I am trying to generate valid BIP-39 mnemonic words for a bitcoin wallet in Python, but I am encountering an issue with the generated words being rejected by verification tools. I have followed the guidelines outlined in the BIP-39 standard, but the 24th word, which serves as a checksum of the others, is causing the mnemonic to be deemed incorrect. I have searched for solutions and checked other people’s code, but I have yet to find a solution. Can someone please help me understand what I am doing wrong and how to fix it?

At the end of the message I shall write a few examples of 24 words that are not acceptable, but are the results of the program

from hashlib import sha256
import secrets

#following the instructions here: https://github.com/bitcoin/bips/blob/master/bip-0039.mediawiki
#depending on the number of words, we take the value for ENT, and CS.a

word_number=24
size_ENT=256
size_CS=int(size_ENT/32)
with open("Bip39-wordlist.txt", "r") as wordlist_file:
    words = [word.strip() for word in wordlist_file.readlines()]

#First, an initial entropy of ENT bits is generated. 
n_bytes=int(size_ENT/8)
random_bytes = secrets.token_bytes(n_bytes)
random_bits = ''.join(['{:08b}'.format(b) for b in random_bytes])
INITIAL_ENTROPY = random_bits[:size_ENT]
assert(len(INITIAL_ENTROPY)==size_ENT)
    
encoded=INITIAL_ENTROPY.encode('utf-8')
hash=sha256(encoded).digest()
bhash=''.join(format(byte, '08b') for byte in hash)
assert(len(bhash)==256)

#the first ENT / 32 bits of its SHA256 hash
CS=bhash[:size_CS]

#This checksum is appended to the end of the initial entropy.
FINAL_ENTROPY=INITIAL_ENTROPY+CS
assert(len(FINAL_ENTROPY)==size_ENT+size_CS)

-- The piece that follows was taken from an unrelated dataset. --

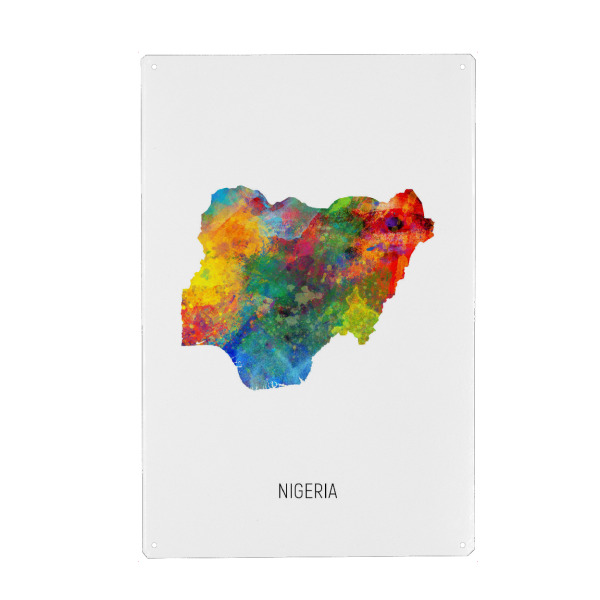 Holzbild "Nigeria Watercolor Map" artboxONE - Kartografie - Nigeria,Map,Watercolor,Painting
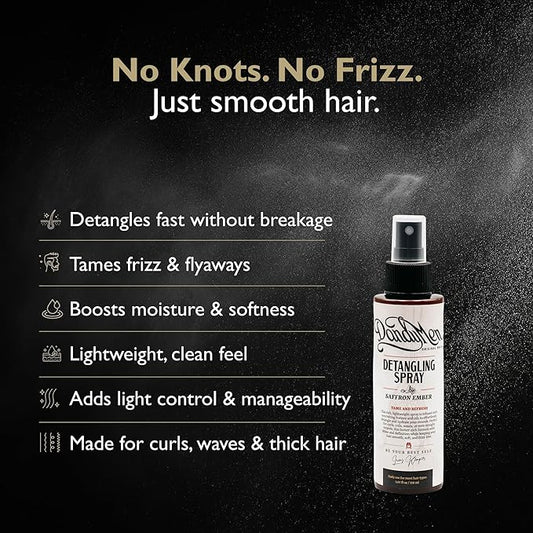 Detangling Spray for Men – Leave-In for Curly, Wavy & Textured Hair – Softens & Smooths – 5.7 oz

#Next, these concatenated bits are split into groups of 11 bits, 
# each encoding a number from 0-2047, serving as an index into a wordlist.
for t in range(word_number):
    
    #split into groups of 11 bits, 
    extracted_bits=FINAL_ENTROPY[11*t:11*(t+1)]
    
    # each encoding a number from 0-2047,
    word_index=int(extracted_bits,2)
    
    #serving as an index into a wordlist.
    if t==0: words_extracted=     words[word_index]
    else:    words_extracted+=' '+words[word_index]
print (words_extracted)

Output incorrect examples:

kitten oak breeze dismiss breeze reduce stem symbol trend input thunder old burden brisk level hard luggage alarm upper creek deputy desert diesel primary

wave flee narrow notable budget hamster layer potato menu security wall shove save mobile badge nephew blouse major cute park margin entry drink mask

Asked By: Pietro Speroni

||

Answers:

The problem is, that you calculate the SHA256 hash of a bytestring containing of 0 and 1 (length 256), while you should work on the bytes of the entropy (length 32) directly.

Replace your line

hash=sha256(encoded).digest()

with

hash=sha256(random_bytes).digest()

and the generated mnemonic should be correct.


Just for completeness: a python implementation, actually the reference implementation can be found here.

Answered By: M. Spiller